● **Required work**
Please write out the data below once more, exactly as it stands.

● **Records for this exercise**
[Start of section]

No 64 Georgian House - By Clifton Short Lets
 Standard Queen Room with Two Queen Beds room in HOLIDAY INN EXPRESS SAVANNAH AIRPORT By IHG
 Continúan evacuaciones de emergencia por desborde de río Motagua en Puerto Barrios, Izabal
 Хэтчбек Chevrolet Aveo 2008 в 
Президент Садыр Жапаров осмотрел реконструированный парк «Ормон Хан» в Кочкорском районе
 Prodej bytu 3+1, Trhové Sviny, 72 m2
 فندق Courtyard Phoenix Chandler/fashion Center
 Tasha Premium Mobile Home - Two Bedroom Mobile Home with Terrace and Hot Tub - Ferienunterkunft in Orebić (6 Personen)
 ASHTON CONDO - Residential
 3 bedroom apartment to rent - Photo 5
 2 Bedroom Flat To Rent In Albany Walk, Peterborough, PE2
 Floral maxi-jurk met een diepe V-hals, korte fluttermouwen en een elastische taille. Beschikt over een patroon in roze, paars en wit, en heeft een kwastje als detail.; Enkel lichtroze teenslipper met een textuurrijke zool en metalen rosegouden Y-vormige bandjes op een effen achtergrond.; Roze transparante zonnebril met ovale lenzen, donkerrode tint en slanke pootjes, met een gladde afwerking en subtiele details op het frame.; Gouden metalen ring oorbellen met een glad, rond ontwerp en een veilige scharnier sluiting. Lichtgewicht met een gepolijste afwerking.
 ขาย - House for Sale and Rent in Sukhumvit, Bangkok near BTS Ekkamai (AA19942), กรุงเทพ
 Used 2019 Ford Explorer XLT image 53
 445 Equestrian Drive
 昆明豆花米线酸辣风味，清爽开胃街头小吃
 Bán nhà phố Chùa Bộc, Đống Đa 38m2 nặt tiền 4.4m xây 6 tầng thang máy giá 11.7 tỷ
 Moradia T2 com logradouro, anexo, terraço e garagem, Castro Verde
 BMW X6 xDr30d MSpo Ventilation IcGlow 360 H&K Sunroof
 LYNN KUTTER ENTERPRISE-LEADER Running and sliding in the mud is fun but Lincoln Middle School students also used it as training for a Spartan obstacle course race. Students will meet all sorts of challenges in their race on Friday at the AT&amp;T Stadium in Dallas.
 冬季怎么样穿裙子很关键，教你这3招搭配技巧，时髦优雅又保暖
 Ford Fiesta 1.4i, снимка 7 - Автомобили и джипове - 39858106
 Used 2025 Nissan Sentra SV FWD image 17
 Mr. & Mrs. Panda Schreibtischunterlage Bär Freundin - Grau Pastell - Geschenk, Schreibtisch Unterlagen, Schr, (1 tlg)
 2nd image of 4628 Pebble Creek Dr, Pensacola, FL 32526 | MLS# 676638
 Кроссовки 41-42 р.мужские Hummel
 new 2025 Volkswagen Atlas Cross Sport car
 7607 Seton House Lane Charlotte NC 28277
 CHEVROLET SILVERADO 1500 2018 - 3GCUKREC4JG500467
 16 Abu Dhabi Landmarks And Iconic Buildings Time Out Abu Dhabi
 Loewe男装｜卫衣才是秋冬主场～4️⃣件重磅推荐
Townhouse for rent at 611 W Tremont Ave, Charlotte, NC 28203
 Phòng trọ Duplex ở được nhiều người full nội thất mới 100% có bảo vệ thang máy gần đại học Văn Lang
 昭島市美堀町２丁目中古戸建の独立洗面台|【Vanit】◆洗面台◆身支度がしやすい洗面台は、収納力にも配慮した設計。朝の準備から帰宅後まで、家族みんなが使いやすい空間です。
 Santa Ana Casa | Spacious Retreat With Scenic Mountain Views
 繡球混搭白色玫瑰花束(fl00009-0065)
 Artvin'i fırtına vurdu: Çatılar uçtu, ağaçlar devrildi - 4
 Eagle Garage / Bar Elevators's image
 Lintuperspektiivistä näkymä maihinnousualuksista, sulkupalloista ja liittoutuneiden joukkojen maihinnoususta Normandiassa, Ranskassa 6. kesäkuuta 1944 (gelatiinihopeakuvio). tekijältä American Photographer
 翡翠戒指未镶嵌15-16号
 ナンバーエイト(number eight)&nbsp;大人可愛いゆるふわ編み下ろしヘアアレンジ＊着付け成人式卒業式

[End of section]

● **Your response**
No 64 Georgian House - By Clifton Short Lets
 Standard Queen Room with Two Queen Beds room in HOLIDAY INN EXPRESS SAVANNAH AIRPORT By IHG
 Continúan evacuaciones de emergencia por desborde de río Motagua en Puerto Barrios, Izabal
 Хэтчбек Chevrolet Aveo 2008 в 
Президент Садыр Жапаров осмотрел реконструированный парк «Ормон Хан» в Кочкорском районе
 Prodej bytu 3+1, Trhové Sviny, 72 m2
 فندق Courtyard Phoenix Chandler/fashion Center
 Tasha Premium Mobile Home - Two Bedroom Mobile Home with Terrace and Hot Tub - Ferienunterkunft in Orebić (6 Personen)
 ASHTON CONDO - Residential
 3 bedroom apartment to rent - Photo 5
 2 Bedroom Flat To Rent In Albany Walk, Peterborough, PE2
 Floral maxi-jurk met een diepe V-hals, korte fluttermouwen en een elastische taille. Beschikt over een patroon in roze, paars en wit, en heeft een kwastje als detail.; Enkel lichtroze teenslipper met een textuurrijke zool en metalen rosegouden Y-vormige bandjes op een effen achtergrond.; Roze transparante zonnebril met ovale lenzen, donkerrode tint en slanke pootjes, met een gladde afwerking en subtiele details op het frame.; Gouden metalen ring oorbellen met een glad, rond ontwerp en een veilige scharnier sluiting. Lichtgewicht met een gepolijste afwerking.
 ขาย - House for Sale and Rent in Sukhumvit, Bangkok near BTS Ekkamai (AA19942), กรุงเทพ
 Used 2019 Ford Explorer XLT image 53
 445 Equestrian Drive
 昆明豆花米线酸辣风味，清爽开胃街头小吃
 Bán nhà phố Chùa Bộc, Đống Đa 38m2 nặt tiền 4.4m xây 6 tầng thang máy giá 11.7 tỷ
 Moradia T2 com logradouro, anexo, terraço e garagem, Castro Verde
 BMW X6 xDr30d MSpo Ventilation IcGlow 360 H&K Sunroof
 LYNN KUTTER ENTERPRISE-LEADER Running and sliding in the mud is fun but Lincoln Middle School students also used it as training for a Spartan obstacle course race. Students will meet all sorts of challenges in their race on Friday at the AT&amp;T Stadium in Dallas.
 冬季怎么样穿裙子很关键，教你这3招搭配技巧，时髦优雅又保暖
 Ford Fiesta 1.4i, снимка 7 - Автомобили и джипове - 39858106
 Used 2025 Nissan Sentra SV FWD image 17
 Mr. & Mrs. Panda Schreibtischunterlage Bär Freundin - Grau Pastell - Geschenk, Schreibtisch Unterlagen, Schr, (1 tlg)
 2nd image of 4628 Pebble Creek Dr, Pensacola, FL 32526 | MLS# 676638
 Кроссовки 41-42 р.мужские Hummel
 new 2025 Volkswagen Atlas Cross Sport car
 7607 Seton House Lane Charlotte NC 28277
 CHEVROLET SILVERADO 1500 2018 - 3GCUKREC4JG500467
 16 Abu Dhabi Landmarks And Iconic Buildings Time Out Abu Dhabi
 Loewe男装｜卫衣才是秋冬主场～4️⃣件重磅推荐
Townhouse for rent at 611 W Tremont Ave, Charlotte, NC 28203
 Phòng trọ Duplex ở được nhiều người full nội thất mới 100% có bảo vệ thang máy gần đại học Văn Lang
 昭島市美堀町２丁目中古戸建の独立洗面台|【Vanit】◆洗面台◆身支度がしやすい洗面台は、収納力にも配慮した設計。朝の準備から帰宅後まで、家族みんなが使いやすい空間です。
 Santa Ana Casa | Spacious Retreat With Scenic Mountain Views
 繡球混搭白色玫瑰花束(fl00009-0065)
 Artvin'i fırtına vurdu: Çatılar uçtu, ağaçlar devrildi - 4
 Eagle Garage / Bar Elevators's image
 Lintuperspektiivistä näkymä maihinnousualuksista, sulkupalloista ja liittoutuneiden joukkojen maihinnoususta Normandiassa, Ranskassa 6. kesäkuuta 1944 (gelatiinihopeakuvio). tekijältä American Photographer
 翡翠戒指未镶嵌15-16号
 ナンバーエイト(number eight)&nbsp;大人可愛いゆるふわ編み下ろしヘアアレンジ＊着付け成人式卒業式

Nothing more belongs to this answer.